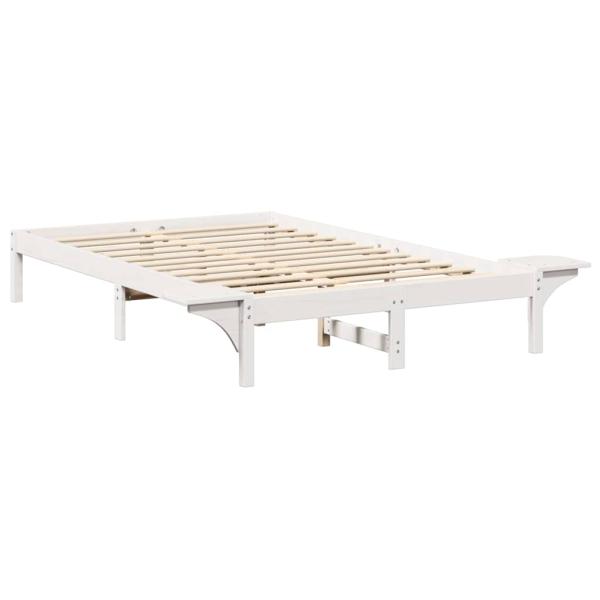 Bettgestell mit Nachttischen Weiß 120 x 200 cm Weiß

* * *

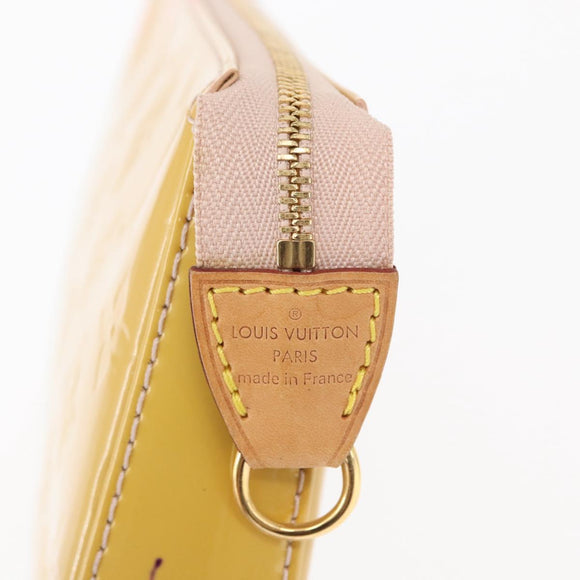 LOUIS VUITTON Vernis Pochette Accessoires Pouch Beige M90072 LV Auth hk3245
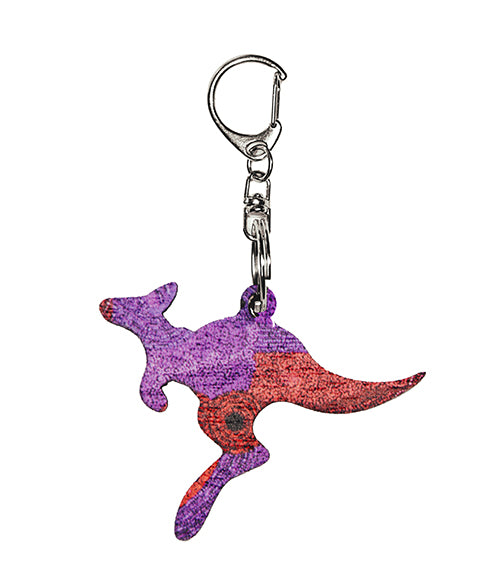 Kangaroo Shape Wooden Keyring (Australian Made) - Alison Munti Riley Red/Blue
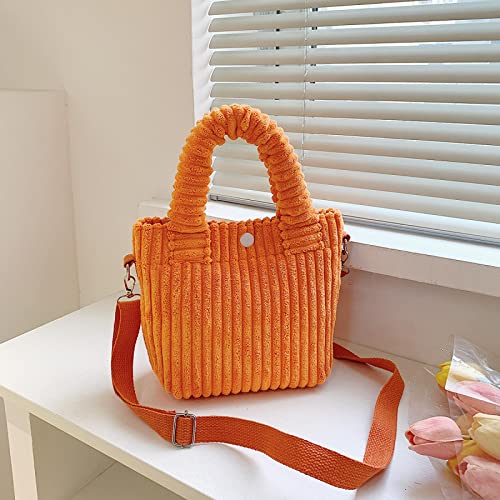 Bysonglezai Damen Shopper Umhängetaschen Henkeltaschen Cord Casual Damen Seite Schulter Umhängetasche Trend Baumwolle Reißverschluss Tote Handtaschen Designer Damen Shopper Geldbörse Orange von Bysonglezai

---

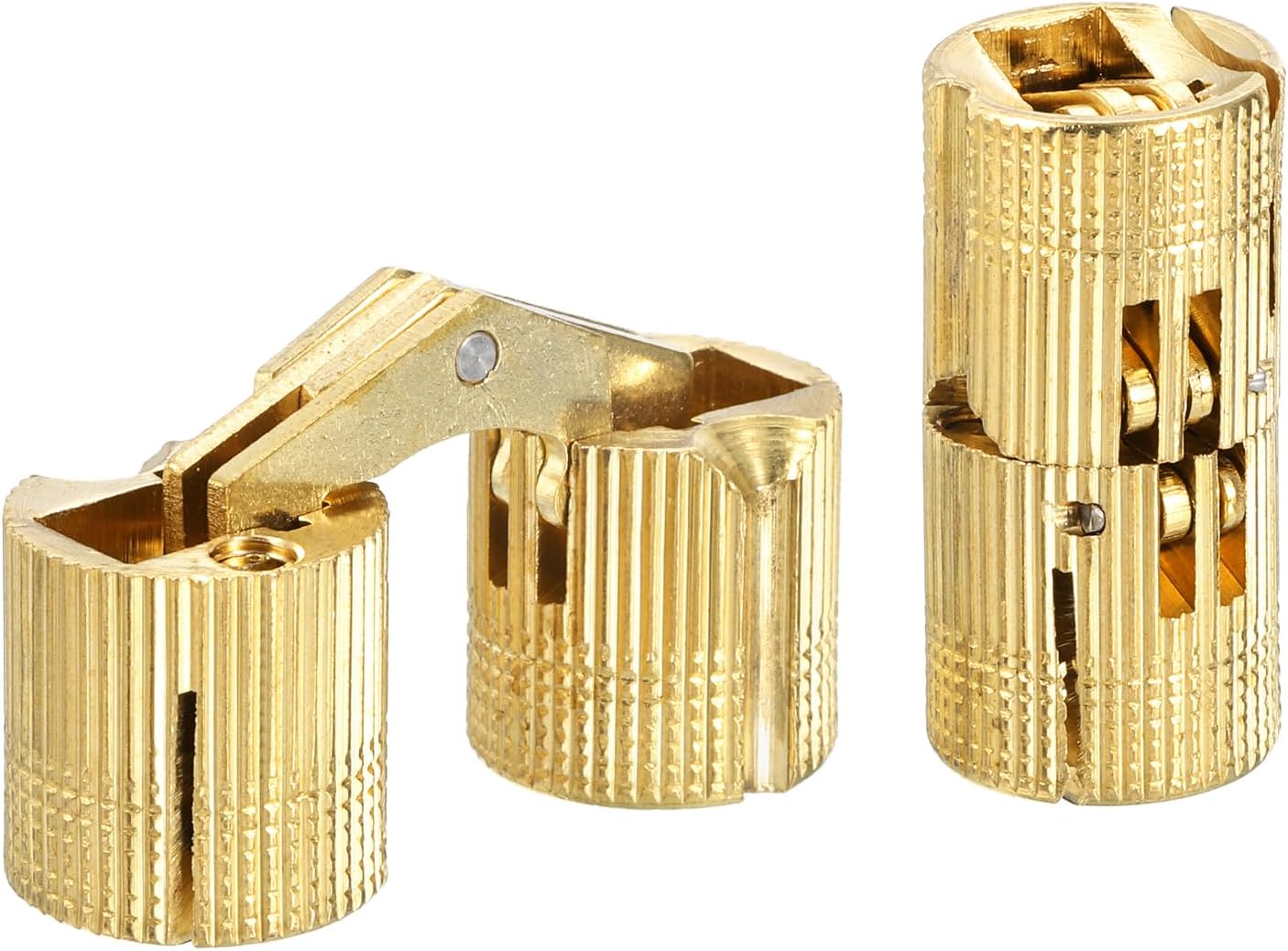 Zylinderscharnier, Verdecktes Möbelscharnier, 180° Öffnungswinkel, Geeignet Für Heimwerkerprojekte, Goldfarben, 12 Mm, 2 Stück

— Task objective —
Look above for the line holding "LOUIS VUITTON Vernis" and output everything from it down to the line holding "Bysonglezai Damen Shopper", both ends included, exactly and without images.

— The answer —
 LOUIS VUITTON Vernis Pochette Accessoires Pouch Beige M90072 LV Auth hk3245
 Kangaroo Shape Wooden Keyring (Australian Made) - Alison Munti Riley Red/Blue
 Bysonglezai Damen Shopper Umhängetaschen Henkeltaschen Cord Casual Damen Seite Schulter Umhängetasche Trend Baumwolle Reißverschluss Tote Handtaschen Designer Damen Shopper Geldbörse Orange von Bysonglezai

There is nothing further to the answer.